[Stored entries]
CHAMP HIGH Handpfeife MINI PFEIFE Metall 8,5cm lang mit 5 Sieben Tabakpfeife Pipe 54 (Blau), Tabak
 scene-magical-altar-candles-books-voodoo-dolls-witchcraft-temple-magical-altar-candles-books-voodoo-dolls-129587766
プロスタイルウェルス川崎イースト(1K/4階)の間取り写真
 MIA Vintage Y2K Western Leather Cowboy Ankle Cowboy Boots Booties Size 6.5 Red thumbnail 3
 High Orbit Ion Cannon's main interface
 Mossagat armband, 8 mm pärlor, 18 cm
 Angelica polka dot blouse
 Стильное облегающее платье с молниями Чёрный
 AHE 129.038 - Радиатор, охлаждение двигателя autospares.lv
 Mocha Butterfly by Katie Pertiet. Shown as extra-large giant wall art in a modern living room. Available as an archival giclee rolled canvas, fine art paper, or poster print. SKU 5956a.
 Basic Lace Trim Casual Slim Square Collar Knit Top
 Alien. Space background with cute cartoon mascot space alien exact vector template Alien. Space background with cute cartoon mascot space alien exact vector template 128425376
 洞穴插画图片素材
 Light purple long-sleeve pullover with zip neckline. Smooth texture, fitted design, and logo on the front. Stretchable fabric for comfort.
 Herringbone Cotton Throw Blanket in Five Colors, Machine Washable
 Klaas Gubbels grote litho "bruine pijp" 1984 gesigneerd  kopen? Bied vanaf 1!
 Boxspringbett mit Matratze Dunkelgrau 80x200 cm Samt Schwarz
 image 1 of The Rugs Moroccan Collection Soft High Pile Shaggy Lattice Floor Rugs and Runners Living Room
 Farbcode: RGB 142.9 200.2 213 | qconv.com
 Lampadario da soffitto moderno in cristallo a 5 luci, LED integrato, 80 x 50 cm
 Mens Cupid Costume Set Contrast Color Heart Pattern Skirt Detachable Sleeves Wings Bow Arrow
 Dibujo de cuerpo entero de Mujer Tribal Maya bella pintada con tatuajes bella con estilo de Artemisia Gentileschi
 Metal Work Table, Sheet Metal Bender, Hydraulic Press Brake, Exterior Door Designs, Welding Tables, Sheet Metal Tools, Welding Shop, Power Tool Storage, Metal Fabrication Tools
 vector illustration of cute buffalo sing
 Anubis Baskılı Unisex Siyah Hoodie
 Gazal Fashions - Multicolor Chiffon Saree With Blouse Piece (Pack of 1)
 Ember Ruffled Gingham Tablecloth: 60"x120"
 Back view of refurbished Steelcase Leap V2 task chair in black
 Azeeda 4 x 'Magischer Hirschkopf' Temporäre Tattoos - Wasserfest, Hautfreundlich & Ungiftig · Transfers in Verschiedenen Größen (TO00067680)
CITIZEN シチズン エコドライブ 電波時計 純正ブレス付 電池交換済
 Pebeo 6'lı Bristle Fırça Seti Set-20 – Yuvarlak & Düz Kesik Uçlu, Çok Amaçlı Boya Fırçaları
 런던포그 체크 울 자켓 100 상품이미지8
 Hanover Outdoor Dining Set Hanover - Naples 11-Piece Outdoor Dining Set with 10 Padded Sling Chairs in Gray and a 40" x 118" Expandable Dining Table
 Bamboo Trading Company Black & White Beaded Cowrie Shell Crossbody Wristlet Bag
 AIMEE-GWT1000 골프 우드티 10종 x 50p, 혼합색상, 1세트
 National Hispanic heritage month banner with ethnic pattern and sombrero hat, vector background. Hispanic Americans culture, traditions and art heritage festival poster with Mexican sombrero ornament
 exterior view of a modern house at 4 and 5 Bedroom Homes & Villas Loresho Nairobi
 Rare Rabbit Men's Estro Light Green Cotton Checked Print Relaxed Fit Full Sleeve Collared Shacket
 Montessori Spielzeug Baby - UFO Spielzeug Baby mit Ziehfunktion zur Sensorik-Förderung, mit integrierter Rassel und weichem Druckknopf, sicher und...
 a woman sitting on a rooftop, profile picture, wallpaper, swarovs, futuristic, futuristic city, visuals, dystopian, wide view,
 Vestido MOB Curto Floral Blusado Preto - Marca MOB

● **Required action**
Copy, exactly and only, the lines above that begin with the one containing "런던포그 체크 울 자켓 100 상품이미지8" and finish with the one containing "National Hispanic heritage".

● **Output of the exercise**
 런던포그 체크 울 자켓 100 상품이미지8
 Hanover Outdoor Dining Set Hanover - Naples 11-Piece Outdoor Dining Set with 10 Padded Sling Chairs in Gray and a 40" x 118" Expandable Dining Table
 Bamboo Trading Company Black & White Beaded Cowrie Shell Crossbody Wristlet Bag
 AIMEE-GWT1000 골프 우드티 10종 x 50p, 혼합색상, 1세트
 National Hispanic heritage month banner with ethnic pattern and sombrero hat, vector background. Hispanic Americans culture, traditions and art heritage festival poster with Mexican sombrero ornament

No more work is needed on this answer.